**Required work**. Transcribe the lines exactly, beginning with the one that contains "dahil sabi nga nila Communication is Key 🔑 😉" and ending with the final line of the records. Do not transcribe pictures.

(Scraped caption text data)

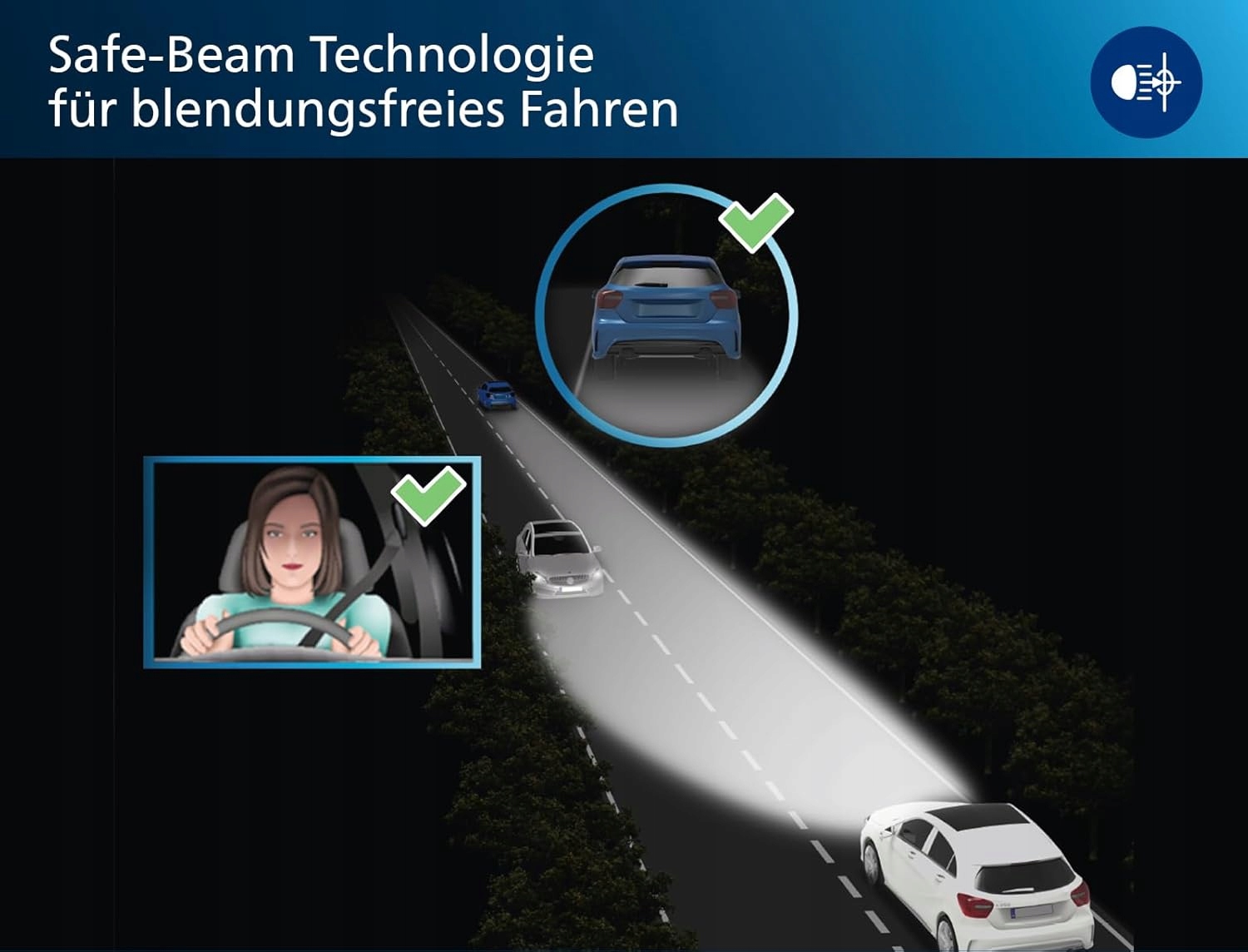 Żarówka, reflektor PHILIPS 11342U60BX2 2szt Napięcie 12 V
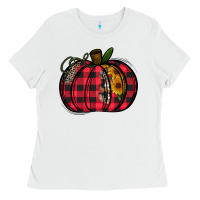 Buffalo Pumpkin Ladies Tee | Teevron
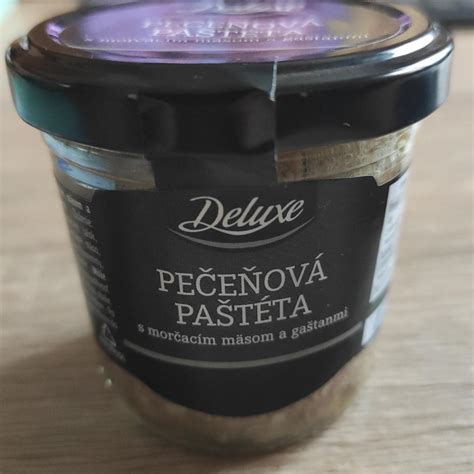 Paštéta s gaštanmi v zapekacej forme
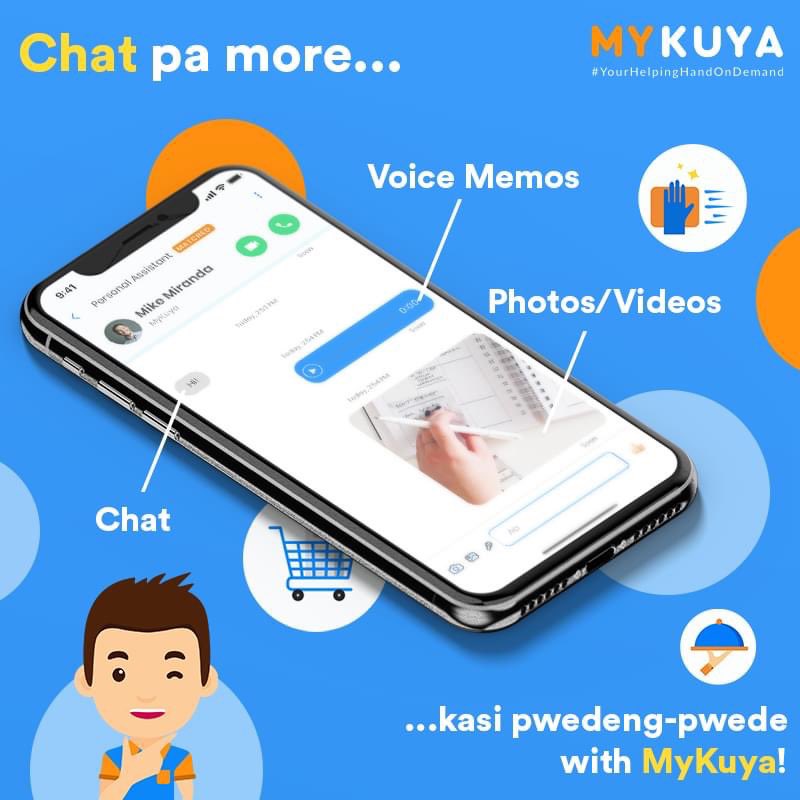 dahil sabi nga nila Communication is Key 🔑 😉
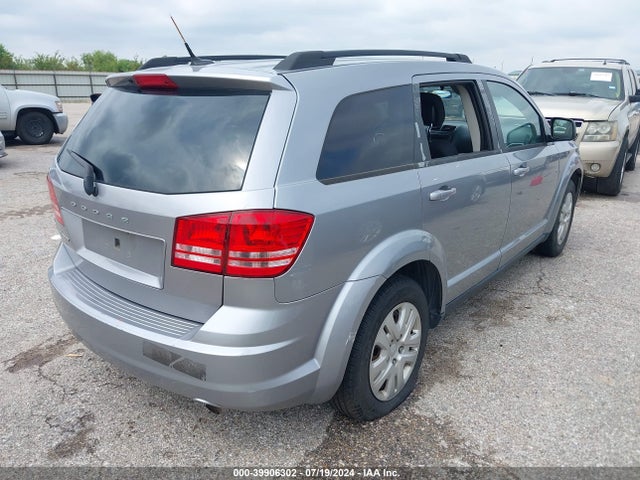 Dodge JOURNEY SE 2016 3C4PDCAB3GT238930 Image 4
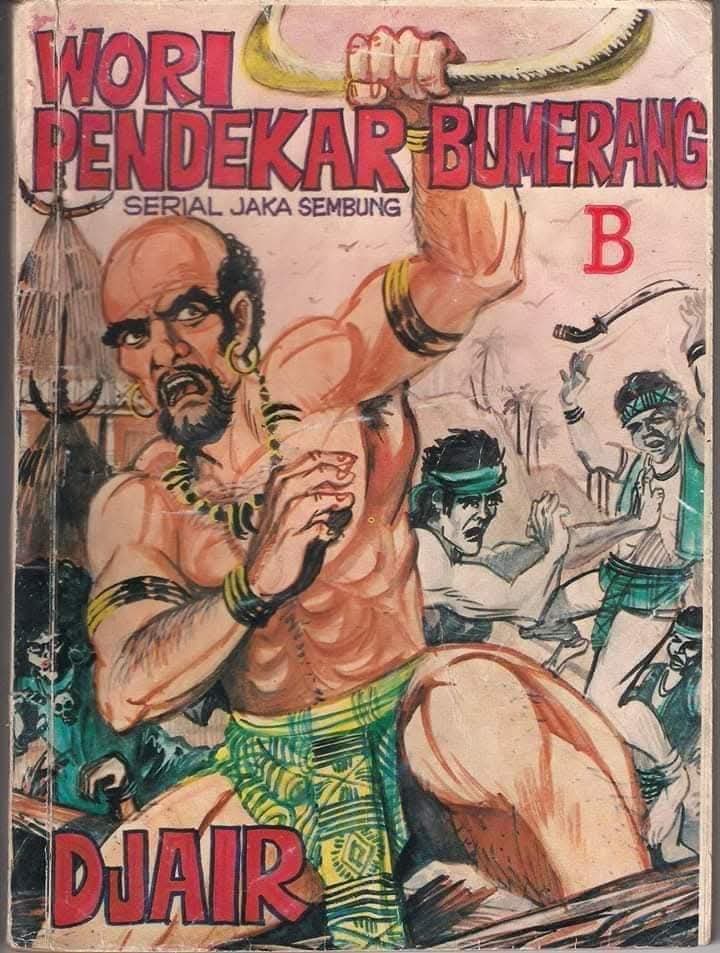 WORI PENDEKAR BUMERANG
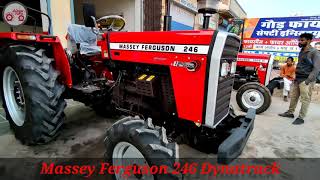 Massey Ferguson 246 Dynatrack New Video by Judge Farm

**Exercise output**.
 dahil sabi nga nila Communication is Key 🔑 😉
 Dodge JOURNEY SE 2016 3C4PDCAB3GT238930 Image 4
 WORI PENDEKAR BUMERANG
 Massey Ferguson 246 Dynatrack New Video by Judge Farm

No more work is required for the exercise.